Difference between particle and state

Question

I have recently started studying particle physics, and I was surprised by the description of hadrons. At first I was told that the $\Delta^0$ baryon was composed by one up and two down quarks, and that was fine. But then I saw this description:

$\Delta^0 = \frac{1}{\sqrt{3}} \big( udd + dud + ddu \big) $

which is a symmetrization of $udd$. This fact made me think that $\Delta^0$ was just a system of three identical bosons, which could individually be in the states $u$ and $d$ (just like a system of two electrons which can individually be in the states spin up or spin down). Does this make sense at all? In case it does, what's the name of that boson that can be in the $u$ state or $d$ state in $\Delta^0$ ?

(Note that by "$u$" I always mean "up quark", never "spin up", and similar with $d$).

Answer 1

I will restrict my argument to the two-electron system. However, logically the same argument follows in case of $\Delta^{0}$ Baryons also

Consider a system of two electrons \begin{equation} |\psi^{-}\rangle=\frac{1}{\sqrt{2}}(|\uparrow\rangle|\downarrow\rangle-|\downarrow\rangle|\uparrow\rangle) \end{equation}

If we want to find out the state of individual electrons that belongs to the $|\psi^{-}\rangle$ then we need to trace over the second particle (partial trace operation, https://en.wikipedia.org/wiki/Partial_trace) which would return \begin{equation} \rho=\frac{1}{2}(|\uparrow\rangle\langle \uparrow|+|\downarrow\rangle\langle \downarrow|) \end{equation} Which is nothing but maximally mixed state. But, now the state of individual electron does not belong to the two-electron state $|\psi^{-}\rangle$. It's just a equal mixture of up and down spins. Moreover, as electrons belonging to $|\psi^{-}\rangle$ are indistinguishable in nature we cannot specify the state of first or second electron that belongs to $|\psi^{-}\rangle$ individually.

Similar argument would follow for $\Delta^{0}$ Boson.

Answer 2

which is a symmetrization of udd.

This fact made me think that Δ0 was just a system of three identical bosons, which could individually be in the states u and d (just like a system of two electrons which can individually be in the states spin up or spin down).

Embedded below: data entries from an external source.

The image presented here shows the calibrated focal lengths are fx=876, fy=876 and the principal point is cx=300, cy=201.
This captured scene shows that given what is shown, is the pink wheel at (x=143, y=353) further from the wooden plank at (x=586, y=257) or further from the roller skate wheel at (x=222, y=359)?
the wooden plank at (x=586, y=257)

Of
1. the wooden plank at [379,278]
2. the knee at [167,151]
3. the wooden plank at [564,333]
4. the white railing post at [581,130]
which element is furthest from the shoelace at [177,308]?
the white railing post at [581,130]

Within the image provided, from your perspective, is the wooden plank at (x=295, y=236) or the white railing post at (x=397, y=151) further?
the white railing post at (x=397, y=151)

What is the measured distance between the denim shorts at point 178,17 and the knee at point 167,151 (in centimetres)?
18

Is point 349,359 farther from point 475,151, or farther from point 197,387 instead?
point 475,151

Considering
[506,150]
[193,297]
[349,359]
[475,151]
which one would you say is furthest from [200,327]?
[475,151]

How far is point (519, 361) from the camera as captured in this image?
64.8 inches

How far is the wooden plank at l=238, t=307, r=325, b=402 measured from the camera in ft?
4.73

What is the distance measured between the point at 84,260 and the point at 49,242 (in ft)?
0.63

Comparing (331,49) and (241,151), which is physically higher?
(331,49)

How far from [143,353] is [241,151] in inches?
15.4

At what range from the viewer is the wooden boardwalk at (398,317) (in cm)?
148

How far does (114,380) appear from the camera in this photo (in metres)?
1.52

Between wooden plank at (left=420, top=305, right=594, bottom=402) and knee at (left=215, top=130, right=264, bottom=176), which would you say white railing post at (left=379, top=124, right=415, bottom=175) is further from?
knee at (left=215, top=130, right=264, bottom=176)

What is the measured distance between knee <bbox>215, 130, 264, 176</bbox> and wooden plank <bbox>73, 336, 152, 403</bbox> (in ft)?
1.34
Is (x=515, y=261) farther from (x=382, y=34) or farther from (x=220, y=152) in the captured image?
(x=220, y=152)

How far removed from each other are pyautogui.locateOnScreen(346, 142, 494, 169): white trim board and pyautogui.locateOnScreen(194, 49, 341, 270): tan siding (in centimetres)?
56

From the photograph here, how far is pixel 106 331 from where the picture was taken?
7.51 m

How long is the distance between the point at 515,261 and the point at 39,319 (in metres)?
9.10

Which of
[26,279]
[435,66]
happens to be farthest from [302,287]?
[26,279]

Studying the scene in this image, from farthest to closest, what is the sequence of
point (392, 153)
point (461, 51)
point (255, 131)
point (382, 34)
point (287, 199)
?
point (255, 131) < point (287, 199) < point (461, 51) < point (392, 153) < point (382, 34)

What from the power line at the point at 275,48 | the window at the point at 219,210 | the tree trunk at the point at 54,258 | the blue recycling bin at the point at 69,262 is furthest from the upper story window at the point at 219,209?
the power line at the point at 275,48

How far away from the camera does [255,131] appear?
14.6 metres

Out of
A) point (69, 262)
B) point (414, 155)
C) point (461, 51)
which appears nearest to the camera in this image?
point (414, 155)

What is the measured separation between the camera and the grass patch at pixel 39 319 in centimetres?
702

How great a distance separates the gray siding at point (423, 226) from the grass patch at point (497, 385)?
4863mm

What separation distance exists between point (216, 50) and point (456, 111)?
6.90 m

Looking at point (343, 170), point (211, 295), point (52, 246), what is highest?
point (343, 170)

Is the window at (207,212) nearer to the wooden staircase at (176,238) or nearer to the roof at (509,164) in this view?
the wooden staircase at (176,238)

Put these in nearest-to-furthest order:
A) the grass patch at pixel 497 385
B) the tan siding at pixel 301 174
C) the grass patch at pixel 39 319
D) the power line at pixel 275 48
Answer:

Does this make sense at all?

Sorry it cannot be bosons, otherwise at very high energies, where all three interactions are supposed to be one, see this theory, this statement would hold in the sense that just the symmetry of upness and downness would characterize the valence quarks, a type of spin. At our energies quarks have masses and are separable so there cannot be one generic quark in interactions.

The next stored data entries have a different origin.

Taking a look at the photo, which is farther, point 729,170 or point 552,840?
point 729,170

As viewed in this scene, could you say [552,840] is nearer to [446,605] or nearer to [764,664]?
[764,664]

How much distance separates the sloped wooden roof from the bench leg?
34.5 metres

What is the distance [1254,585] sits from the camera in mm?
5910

Hadrons are very complicated anyway, because there is also the color quantum number so simplified models are just a help, not written in stone. Have a look at this to see the quark antiquark gluon content of a hadron.

In case it does, what's the name of that boson that can be in the u state or d state in Δ0

It should always be a fermion, the generic GUT particle in different representations.